Defensive trägt Team in Play-offs
Sie profitierte dabei vor allem von der erstarkten Defensive um Jungstar Chase Young, die von Defensivspezialist Rivera und seinem Defensive Coordinator Jack del Rio geformt wurde. Ob des unsteten Quarterback-Spiels reichte das zwar nicht immer zum Sieg, aber es reichte, um am Ende die zweitbeste Verteidigung der Liga gemessen an den zugelassenen Yards zu stellen – nicht zuletzt gelang am letzten Spieltag mit einem 20:14-Sieg bei den Philadelphia Eagles der Play-off-Einzug.
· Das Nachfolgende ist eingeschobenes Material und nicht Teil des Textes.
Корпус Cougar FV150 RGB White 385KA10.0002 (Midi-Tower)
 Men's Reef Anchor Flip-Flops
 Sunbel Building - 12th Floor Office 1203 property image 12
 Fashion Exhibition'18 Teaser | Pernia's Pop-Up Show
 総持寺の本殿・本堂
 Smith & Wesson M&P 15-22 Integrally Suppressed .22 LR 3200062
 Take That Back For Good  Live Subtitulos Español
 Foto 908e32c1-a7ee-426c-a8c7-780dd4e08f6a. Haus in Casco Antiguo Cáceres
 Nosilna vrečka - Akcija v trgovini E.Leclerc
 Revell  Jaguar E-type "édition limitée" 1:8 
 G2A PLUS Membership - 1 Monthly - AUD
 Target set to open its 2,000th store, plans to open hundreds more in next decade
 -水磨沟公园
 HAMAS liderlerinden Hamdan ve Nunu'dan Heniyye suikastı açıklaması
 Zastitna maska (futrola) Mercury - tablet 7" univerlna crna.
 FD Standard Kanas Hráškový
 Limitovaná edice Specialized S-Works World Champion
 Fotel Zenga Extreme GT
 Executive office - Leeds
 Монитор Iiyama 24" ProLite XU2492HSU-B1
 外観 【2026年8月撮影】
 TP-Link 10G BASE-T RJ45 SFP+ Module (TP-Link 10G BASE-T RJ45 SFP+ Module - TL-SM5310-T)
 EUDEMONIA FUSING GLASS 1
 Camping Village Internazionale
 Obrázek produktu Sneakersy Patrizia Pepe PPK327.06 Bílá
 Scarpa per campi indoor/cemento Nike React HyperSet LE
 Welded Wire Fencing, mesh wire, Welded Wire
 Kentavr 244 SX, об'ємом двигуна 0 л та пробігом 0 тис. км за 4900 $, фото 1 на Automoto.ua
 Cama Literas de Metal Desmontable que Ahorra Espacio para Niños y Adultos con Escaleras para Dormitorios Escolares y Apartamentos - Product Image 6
„Das ist schon deshalb so besonders, weil es so eine schwere Zeit war“, sagte Rivera nach dem Sieg bei Ex-Champion Philadelphia, dessen Headcoach Doug Pedersen im vierten Viertel ohne sichtlichen Grund seinen Spielmacher mit einem Back-up ersetzte und dafür herbe Kritik von der Konkurrenz erntete. Washington war das freilich egal, schließlich wurden viele Hürden genommen, um das Ziel zu erreichen.
„Wie hart das alles war für die Jungs und den Verein. Wir haben eine großartige Mannschaft und versuchen, die Dinge richtig zu machen. Dass wir die Division gewonnen haben, ist sehr cool“, betonte Rivera, dessen neues Team im Vorjahr nur drei Siege einfahren konnte.
Dabei passt der Gewinn der schwachen NFC East, der automatisch zur Teilnahme an den Play-offs berechtigt, ins Bild dieser unwirklichen Saison. Die Division mit traditionsreichen Teams und Rivalitäten wurde verspottet, doch Rivera selbst weiß am besten, dass das nun nicht das jähe Ende in der Postseason bedeuten muss. 2015 gelang ihm mit Carolina ein 27:16-Sieg gegen die favorisierten Arizona Cardinals, auch die Panthers hatten mit nur sieben Siegen ihre Division gewonnen. Ein Jahr später ging es für ihn und sein Team sogar bis in die Super Bowl.